**ACTION ITEM:**
Please print, exactly as written, the line containing "Add a boost" and each line after it through the end of the material; pictures stay out.

**INFORMATION SUPPLIED:**
——

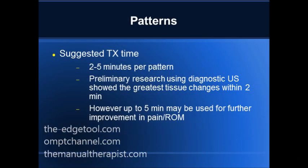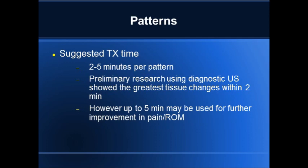As I alluded to earlier, the suggested treatment time is two to five minutes per pattern. There's some preliminary research done using diagnostic ultrasound by a colleague of mine who uses the EDGE tool in South America. They take a picture of the area using diagnostic ultrasound and show some fibrosis. After two minutes, there are definitely changes in the fibrosis, but no changes greater than two minutes are actually significant. However, they did find that you can do it up to five minutes and still make changes in range of motion and pain.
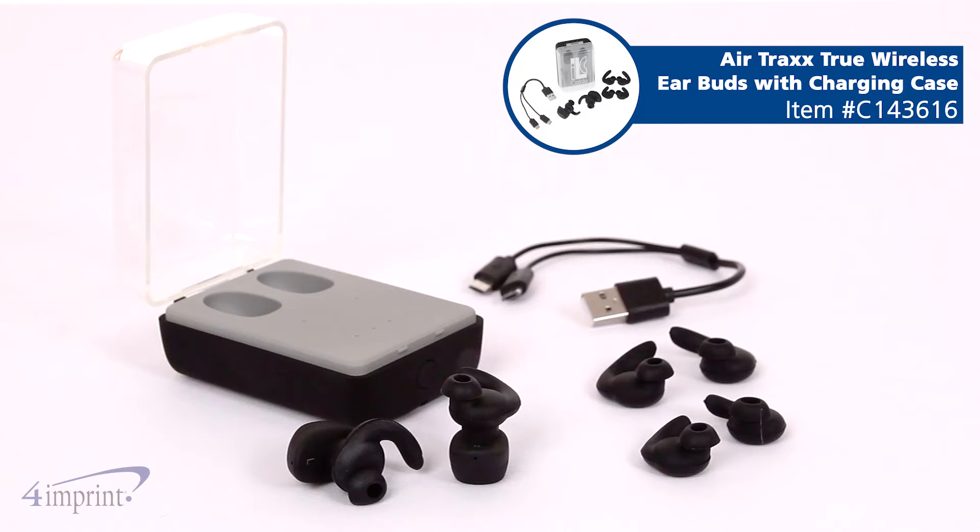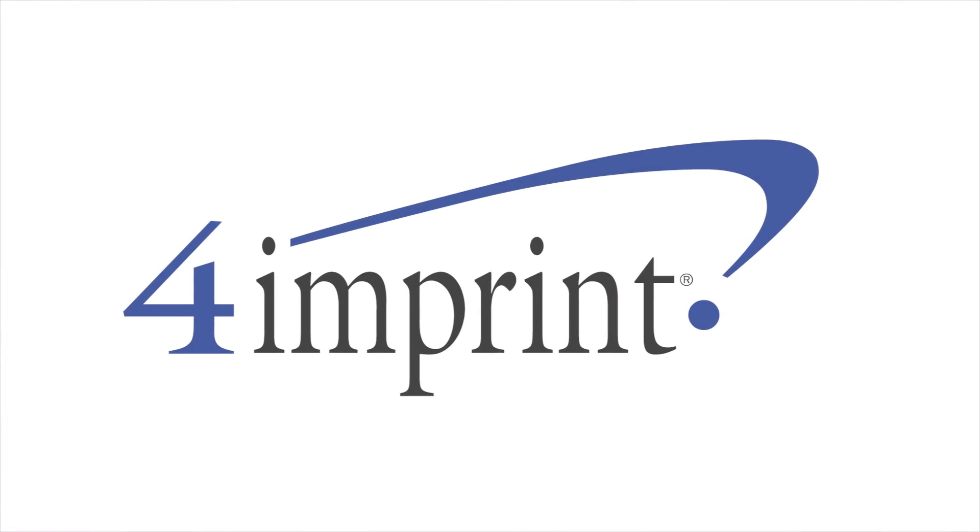Add a boost to your promotion with the AirTrax True Wireless earbuds with charging case from 4imprint.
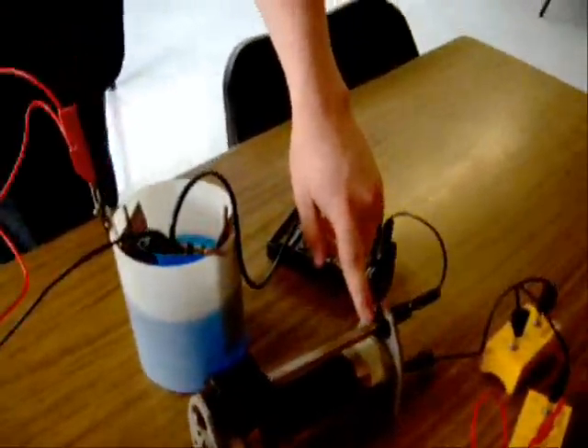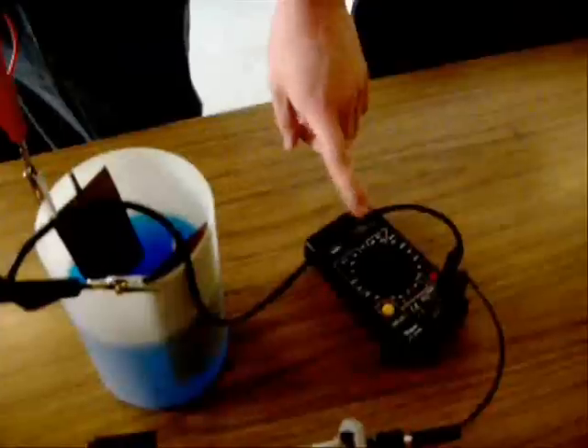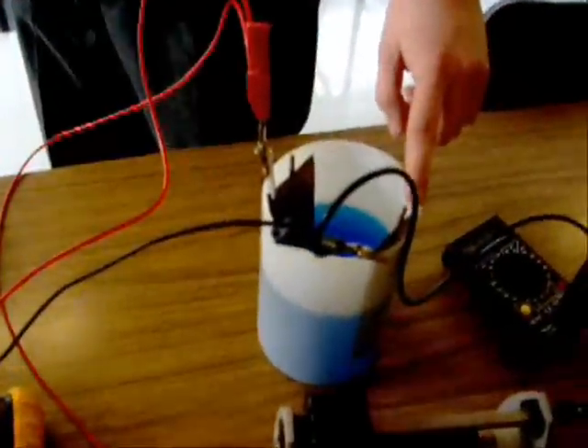The apparatus is a set of batteries, a variable resistor, an ammeter, a voltmeter, electrodes, and electrolyte.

——

**RESULT BELOW:**
Add a boost to your promotion with the AirTrax True Wireless earbuds with charging case from 4imprint.
The apparatus is a set of batteries, a variable resistor, an ammeter, a voltmeter, electrodes, and electrolyte.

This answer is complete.